The Government will get $120 million for the sale of the Air Force's mothballed Skyhawk and Aermacchi jets, but the amount the firm that clinched the deal gets as a commission remains unknown.
Defence Minister Mark Burton has revealed about $35 million will be spent preparing the 34 jets, which were decommissioned in 2001 after Labour disbanded the air combat wing, ready for use by the American firm Tactical Air Services.
The $35 million includes the cost of storage, shipping, regenerating and the fee for accountancy firm Ernst & Young, which was contracted to sell the aircraft.
Blenheim company Safe Air has the contract to prepare the jets.
Mr Burton said the commission Ernst & Young would get was "comparable to what a real estate gets when they sell a house", but did not give an exact percentage.

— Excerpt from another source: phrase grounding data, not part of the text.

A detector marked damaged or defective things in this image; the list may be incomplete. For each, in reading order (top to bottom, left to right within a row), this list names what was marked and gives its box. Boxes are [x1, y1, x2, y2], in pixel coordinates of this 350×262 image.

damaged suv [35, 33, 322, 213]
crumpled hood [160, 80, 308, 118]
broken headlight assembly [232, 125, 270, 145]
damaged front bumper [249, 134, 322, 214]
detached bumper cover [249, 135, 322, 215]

The accounting firm has already been paid $400,000 as an initial fee for trying to sell the planes, and about $700,000 in disbursements over the past four years.
National defence spokesman John Carter said he wanted to know how much taxpayer money Labour would pay Ernst & Young in the form of a bonus.

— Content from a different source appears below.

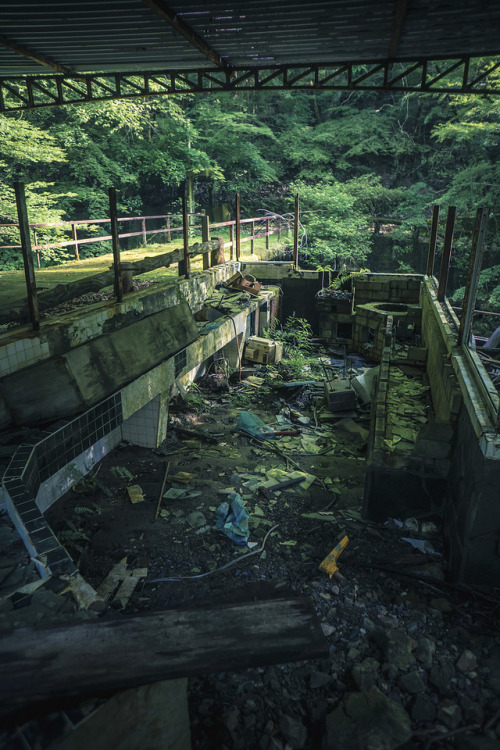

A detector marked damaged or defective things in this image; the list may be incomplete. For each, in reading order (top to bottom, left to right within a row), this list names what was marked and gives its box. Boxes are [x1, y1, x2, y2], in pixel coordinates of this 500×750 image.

rusty vertical pole [14, 182, 39, 332]
rusty vertical pole [436, 206, 456, 302]
rusty vertical pole [458, 210, 488, 348]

"It has taken Ernst and Young more than four years to sell these aircraft, during which time storage costs have totalled nearly $7 million, so I would expect any bonus would reflect that."

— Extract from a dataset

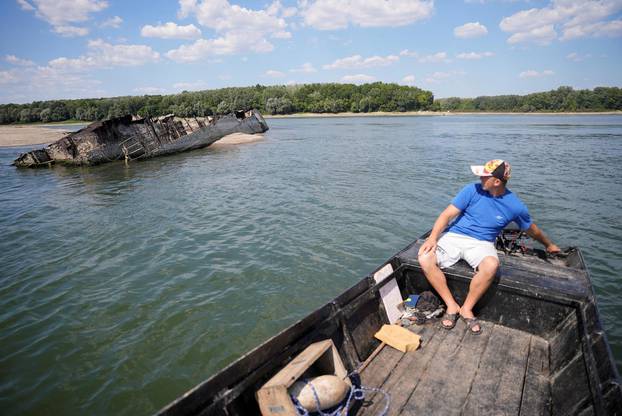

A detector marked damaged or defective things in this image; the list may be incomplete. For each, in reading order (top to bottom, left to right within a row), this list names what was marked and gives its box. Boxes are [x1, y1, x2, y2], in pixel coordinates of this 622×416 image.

rusted shipwreck [12, 110, 268, 169]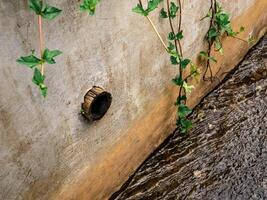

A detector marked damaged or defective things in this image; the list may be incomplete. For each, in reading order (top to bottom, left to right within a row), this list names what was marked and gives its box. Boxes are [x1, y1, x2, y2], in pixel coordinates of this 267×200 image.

rusted pipe rim [81, 86, 111, 120]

Mr Carter called on Labour to release all the papers on the deal.
"Quite apart from the huge cost of this whole sad episode, Labour is responsible for wrecking a once-proud Air Force and forcing our highly trained pilots and engineers overseas," he said.
Mr Burton defended the sale of the jets saying it was an "essential decision".
"We were faced with a Defence Force that had been run down right through the 1990s across all three services. The fact is that of all of the capabilities in question, the air-strike capability had never been used in an operational deployment. I think it was the right decision."
The Skyhawks had been flown since 1970; the design dates from the 1950s.